In any effective ETL system, there lies an unseen but valuable system of event and error logging designed to aid in troubleshooting problems, heading off potential issues, and tracking historical trends in data movement and transformation.
In this chapter, we’re going to discuss logging patterns. If you are a lumberjack and are looking for career tips, you can stop reading now—this is a different type of logging.
Let’s be honest—event and error logging probably isn’t at the top of the list when the average ETL professional thinks of his or her favorite things. Consider the types of things we brag about: “I moved 100 million rows in 19 minutes;” “I cleaned up this ugly mess of data without a single line of code;” “I integrated twelve different sources of data into this fact table.” These are the things that, in our geeky culture, would result in a pat on the back or at least an “Attaboy.” For people like us, this is the home run in the bottom of the ninth, the last-second winning field goal, or the goal from center ice.
Event and error logging, on the other hand, rarely evokes such emotion. I doubt if anyone has ever given a high-five over an effective logging strategy. In the board room or the sales pitch, logging gets about as much attention as the color of ink that will be used to sign the contract.

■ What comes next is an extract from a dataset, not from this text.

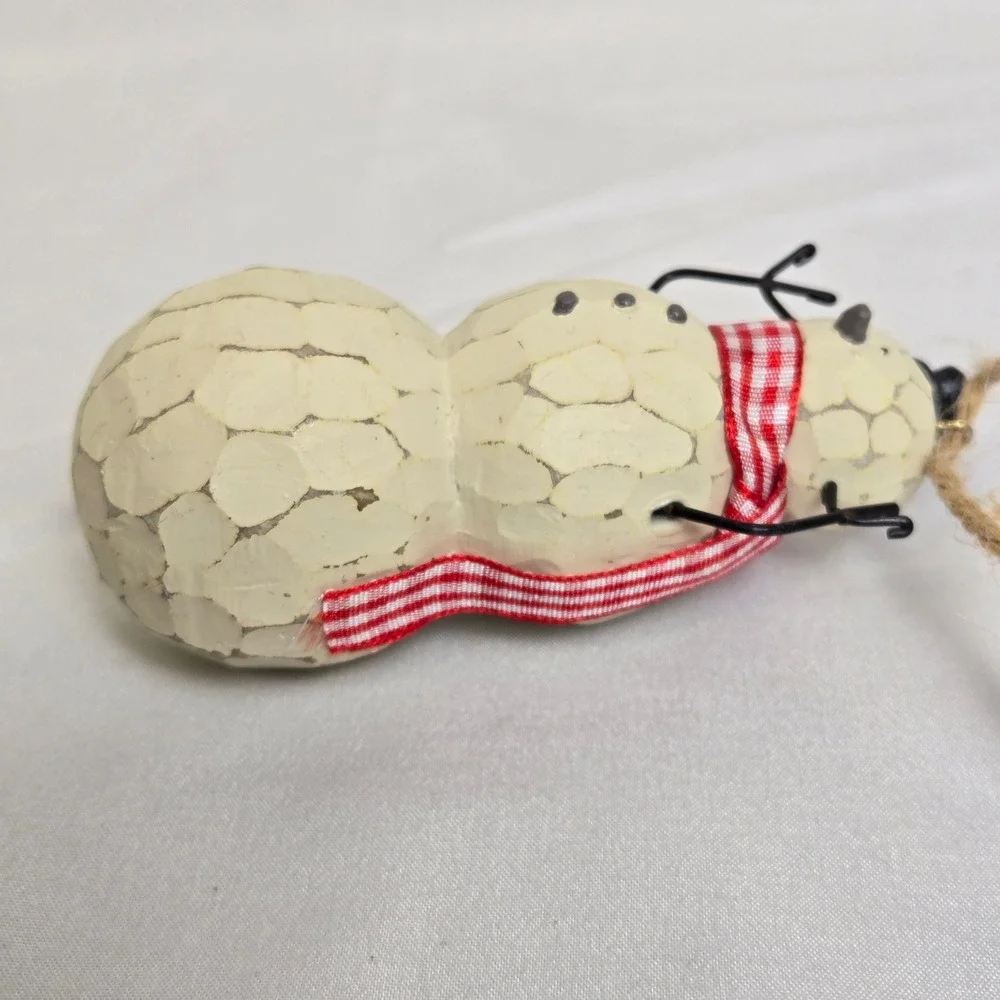 Rustic Primitive Style Snowman Christmas Ornament Crackled Finish 3.75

However, when it comes to tasks that can make or break a successful ETL implementation, having an effective and understandable logging strategy is near the top of the list. While not an outwardly visible element of the project deliverables, error and event logging provides a means with which ETL professionals can measure the health of the data pipeline. Capturing the necessary information during ETL execution will allow easier analysis of the fidelity of the downstream data stores.
Why Logging?
Before diving into the discussion of logging patterns, it’s essential to understand why error and event logging is so critical in an ETL project.
It tells you what has happened in the past
Consider for a moment that you fire up SQL Server Management Studio on Monday morning and discover your central SSIS package ran for 23 minutes yesterday, processing a total of ten million records. On their own, those numbers sound very reasonable. But what if this process typically runs for 30 seconds? What if the typical run processes 100 million rows? It’s important to monitor when packages fail, but in the space between package success and failure is the stuff you really need to worry about. An SSIS package that fails on execution instantly tells me that something bad has happened. However, packages that complete without any errors may still present issues that need to be investigated, and only properly logging key metrics will provide the information necessary to track down these latent clues.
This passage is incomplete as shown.